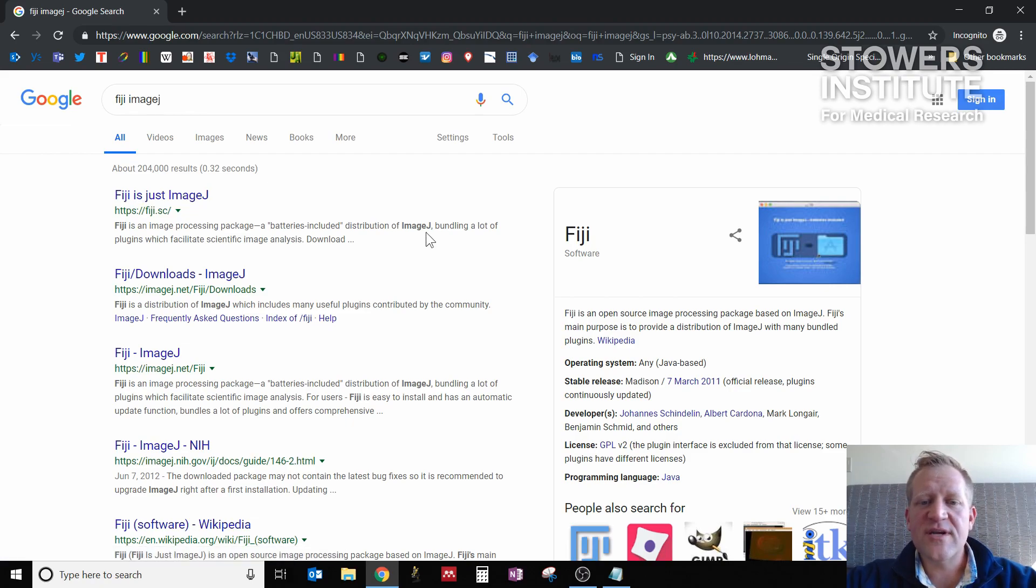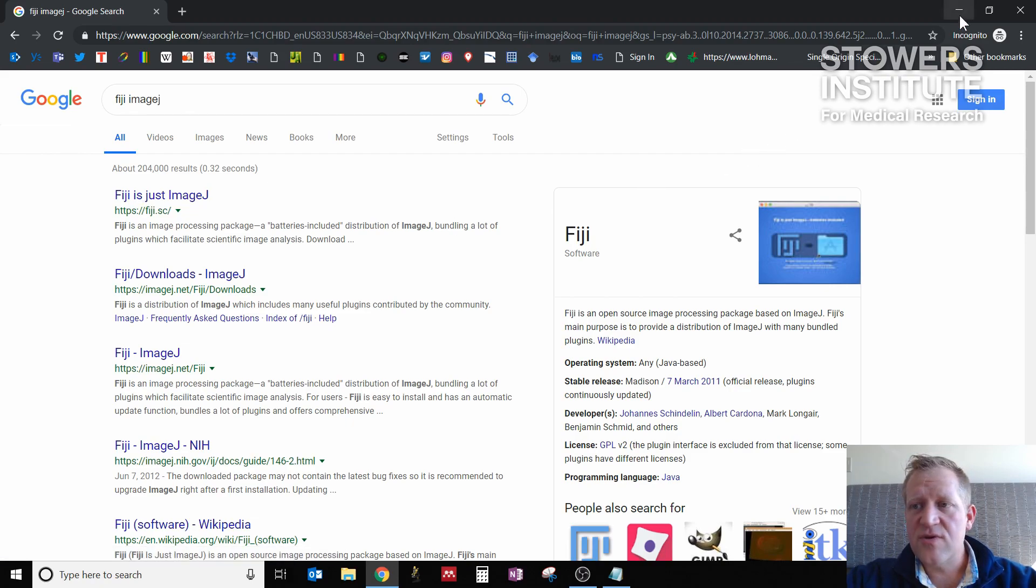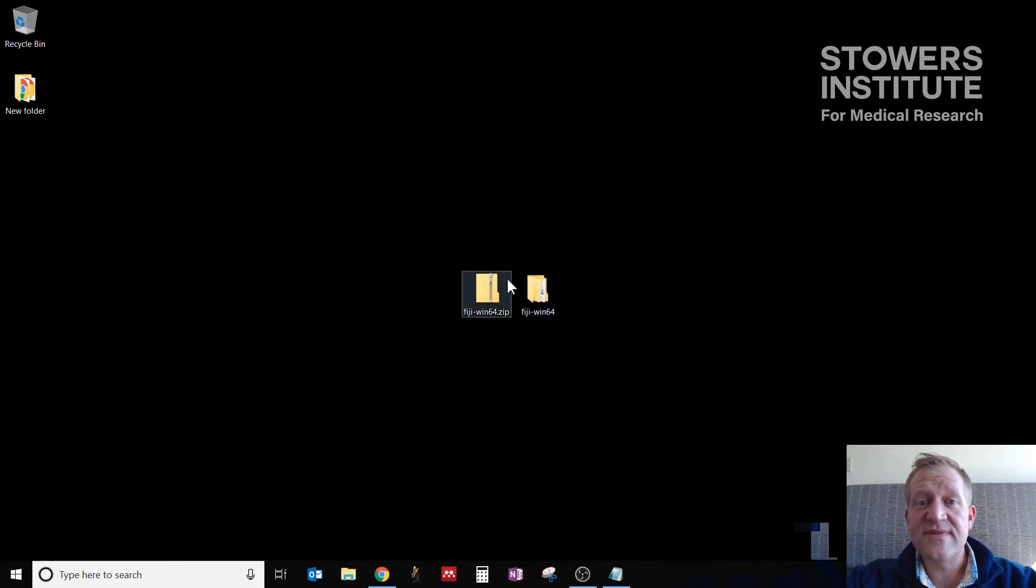Clicking through here will get you to the download location, and once you've downloaded that file, you'll get a zip file here that we have on the desktop.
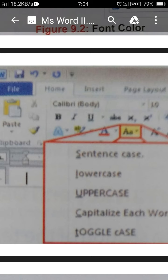Good morning dear students, we are doing the lesson MS Word 2. Yesterday I told you about the font style, font color, and font size. Today we are going to proceed in the home tab.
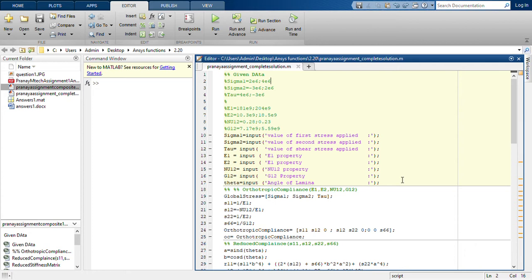In this code, it just asks for the input values, basically all the stresses and all the properties. Only that much we have to enter, and after we have entered the input values, it directly gives all the answers to the key parameters that are being asked in the question itself. We don't have to write any command for that.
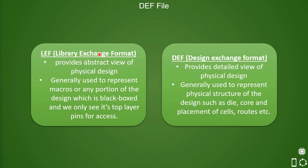LEF provides the abstract view of design while DEF provides the detailed view of the physical design. LEF provides the representation of macros or any portion of the design which is black-boxed, and we only see the top layer pins for access in the LEF file.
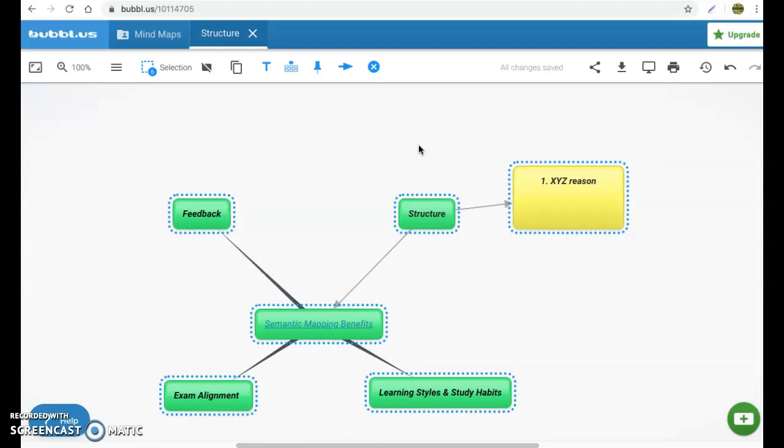So, hopefully this gives you some idea of how to use bubble.us and semantic mapping in general. So, for today, I'm going to give you time now to work on this semantic mapping benefits article I mentioned. And I want you to create and plug in your own details and your own map based upon that article.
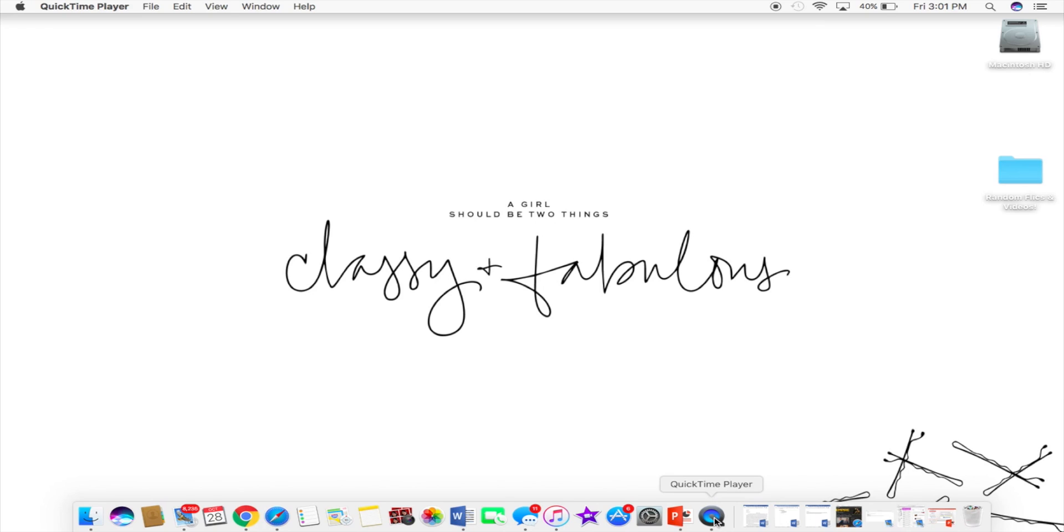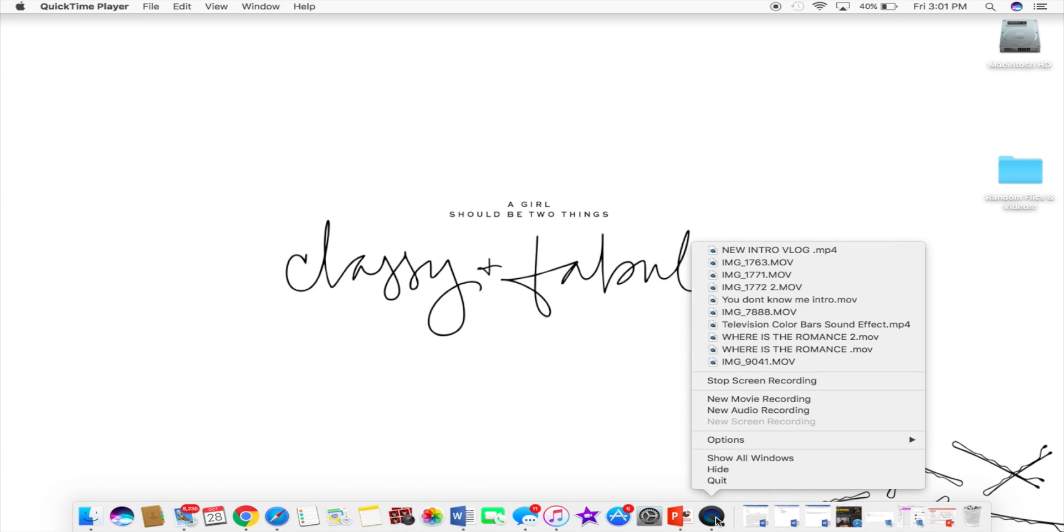And then you're gonna go over there and select new movie recording. Okay, right there.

########

* WHAT NEEDS TO BE DONE *
Copy out, exactly and without pictures, each line from the one containing "So, hopefully this" through the final line of the entries, both ends included.

* RESULT OF THE TASK *
So, hopefully this gives you some idea of how to use bubble.us and semantic mapping in general. So, for today, I'm going to give you time now to work on this semantic mapping benefits article I mentioned. And I want you to create and plug in your own details and your own map based upon that article.
And then you're gonna go over there and select new movie recording. Okay, right there.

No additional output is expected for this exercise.